Zusätzlich erhielten die Kliniken 10,2 Milliarden Euro aus Steuermitteln als Ausgleich für wegen der Pandemie verschobene oder ausgesetzte Eingriffe. Mehr Geld von den Kassen und mehr Geld vom Bund: Auch das stellt für den Bundesrechnungshof eine massive Überkompensation für Krankenhäuser im Jahr 2020 aus Steuermitteln dar. Außerdem mahnen die Prüfer an, dass "Unterstützungsleistungen nach dem Gießkannenprinzip" künftig vermieden werden sollten. Das Ministerium räumt in diesem Punkt immerhin ein, von März bis Juli 2020 zu viel Geld ausgegeben zu haben.

Seit November erhalten Kliniken allerdings nur noch Ausgleichszahlungen, wenn die freien Intensivbetten in der Region weniger als 25 Prozent betragen, die Auslastung also sehr hoch ist. Hierin sieht der Rechnungshof einen gefährlichen Fehlanreiz, die Zahl der freien Intensivbetten künstlich nach unten zu rechnen. Der Bericht zitiert in diesem Zusammenhang ein brisantes Schreiben des Robert-Koch-Instituts (RKI) vom 11. Januar dieses Jahres ans Gesundheitsministerium. Dabei äußerte das RKI die "Vermutung, dass Krankenhäuser zum Teil weniger intensivmedizinische Behandlungsplätze meldeten, als tatsächlich vorhanden waren".

Nach Ansicht des RKI seien die ans DIVI-Zentralregister gemeldeten Daten "daher nicht mehr für eine Bewertung der Situation geeignet", schreibt der Rechnungshof. Im Klartext heißt das: Die Anzahl der freien Intensivbetten könnte tatsächlich höher gewesen sein als ausgewiesen. Die Auslastung der Intensivstationen war (und ist) aber neben den Inzidenzwerten ein maßgebliches Kriterium der Bundesregierung für das Ausmaß der Corona-Einschränkungen.

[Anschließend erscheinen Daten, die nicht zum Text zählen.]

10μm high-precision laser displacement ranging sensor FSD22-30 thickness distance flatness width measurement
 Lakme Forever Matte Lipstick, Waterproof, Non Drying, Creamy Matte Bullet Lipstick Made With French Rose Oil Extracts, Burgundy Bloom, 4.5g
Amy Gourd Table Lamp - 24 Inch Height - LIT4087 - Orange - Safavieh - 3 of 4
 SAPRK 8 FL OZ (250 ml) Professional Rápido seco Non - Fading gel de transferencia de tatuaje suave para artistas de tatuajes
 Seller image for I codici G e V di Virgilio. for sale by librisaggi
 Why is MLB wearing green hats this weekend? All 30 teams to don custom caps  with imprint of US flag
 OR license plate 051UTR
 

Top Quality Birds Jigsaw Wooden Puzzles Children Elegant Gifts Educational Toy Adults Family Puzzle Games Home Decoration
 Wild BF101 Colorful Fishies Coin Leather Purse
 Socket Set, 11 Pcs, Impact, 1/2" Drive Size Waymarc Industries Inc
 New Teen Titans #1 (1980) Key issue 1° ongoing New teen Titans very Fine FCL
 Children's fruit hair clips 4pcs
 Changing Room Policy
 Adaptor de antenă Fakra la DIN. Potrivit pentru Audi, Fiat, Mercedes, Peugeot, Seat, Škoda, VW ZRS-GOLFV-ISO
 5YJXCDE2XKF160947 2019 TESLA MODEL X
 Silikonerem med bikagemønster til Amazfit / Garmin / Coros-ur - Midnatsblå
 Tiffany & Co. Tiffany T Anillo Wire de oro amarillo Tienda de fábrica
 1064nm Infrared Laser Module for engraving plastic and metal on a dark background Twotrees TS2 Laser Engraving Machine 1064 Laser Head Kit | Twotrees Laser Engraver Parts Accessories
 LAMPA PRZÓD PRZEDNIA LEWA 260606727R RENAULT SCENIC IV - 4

In einem dritten Punkt analysiert der Bericht speziell die Schaffung neuer Intensivbetten. Von März bis September 2020 habe der Bund jedes neue Intensivbett mit 50 000 Euro zusätzlich finanziert. Insgesamt wurden von den Krankenhäusern dafür knapp 700 Millionen Euro abgerufen. Teilt man die Summe durch den Zuschuss pro Bett, müsste es jetzt 13 700 neue Intensivbetten in Deutschland geben - doch die kann der Rechnungshof nicht finden. "Ein solcher Kapazitätszuwachs ist aus den vorliegenden Statistiken indes nicht abzulesen", schreiben die Prüfer. Das Haus von Minister Spahn rechtfertigt sich damit, dass für Intensivbetten "bis Frühjahr 2020 keine einheitliche Definition existiert" habe.

Die Bundestagsabgeordnete Ekin Deligöz, die als Obfrau der Grünen im Rechnungsprüfungsausschuss den Bericht bereits lesen konnte, wundert sich: "Es ist befremdend, wie ein ehemaliger Staatssekretär im Finanzministerium so großzügig und planlos mit dem Geld der Bürgerinnen und Bürger umgeht." Der ehemalige Staatssekretär, den sie meint, ist der heutige Gesundheitsminister Jens Spahn.